(COLLECTED DATA)

+++++

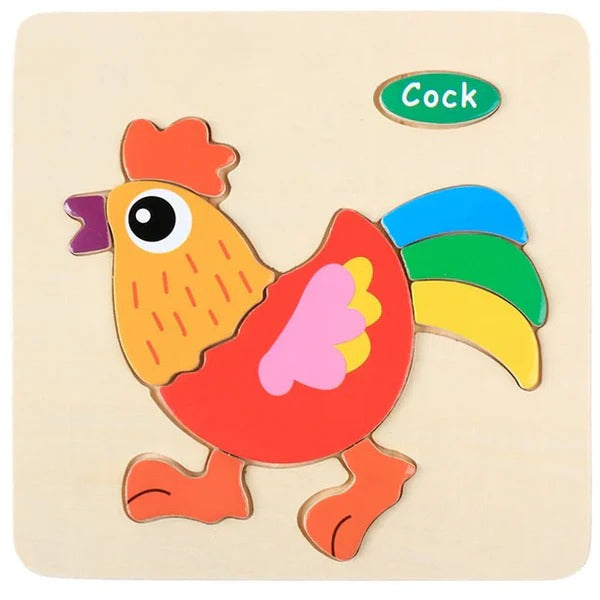 Wooden Montessori Jigsaw Puzzle Board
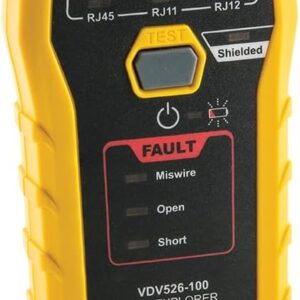 KLEIN TOOLS VDV526-100 |Probador De Red |RJ11/RJ12/RJ45 |Diagnóstico Rápido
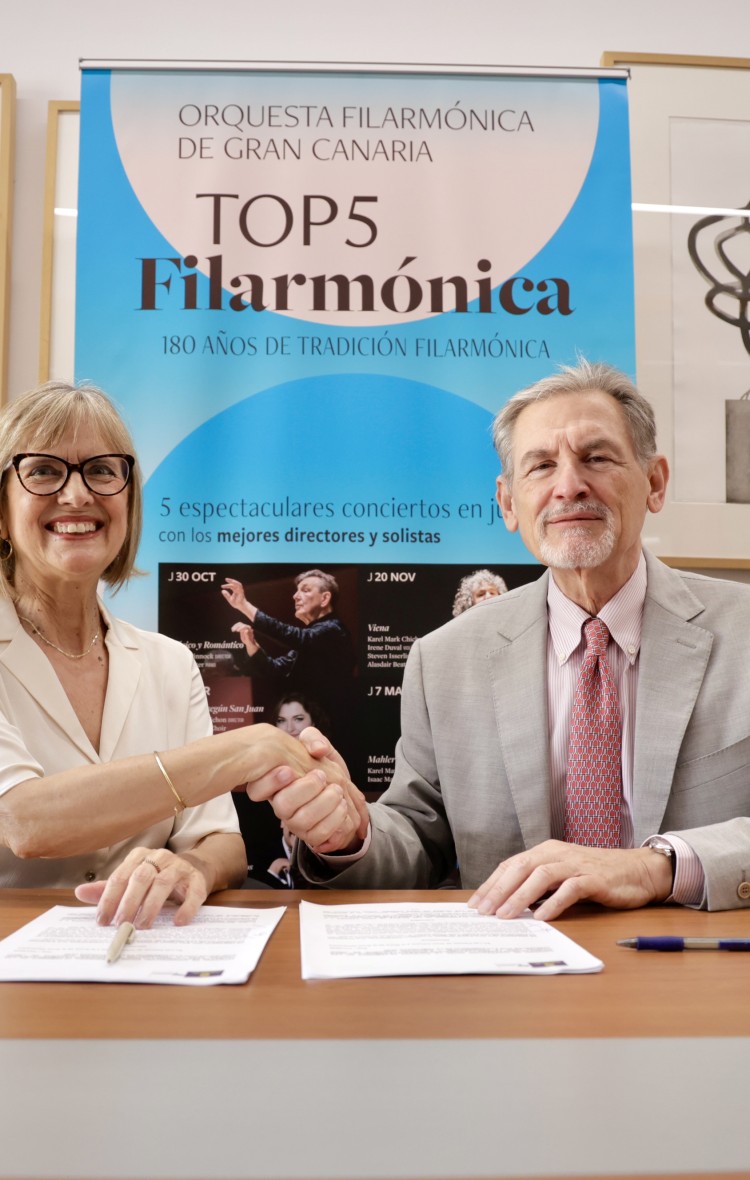La Orquesta Filarmónica de Gran Canaria lanza el nuevo ciclo TOP 5 Filarmónica en colaboración con la Sociedad Filarmónica de Las Palmas de Gran Canaria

+++++

Emit the lines of the data above from the one containing "KLEIN TOOLS VDV526-100" through its final line, both endpoints included. Pictures do not belong in the output.

 KLEIN TOOLS VDV526-100 |Probador De Red |RJ11/RJ12/RJ45 |Diagnóstico Rápido
La Orquesta Filarmónica de Gran Canaria lanza el nuevo ciclo TOP 5 Filarmónica en colaboración con la Sociedad Filarmónica de Las Palmas de Gran Canaria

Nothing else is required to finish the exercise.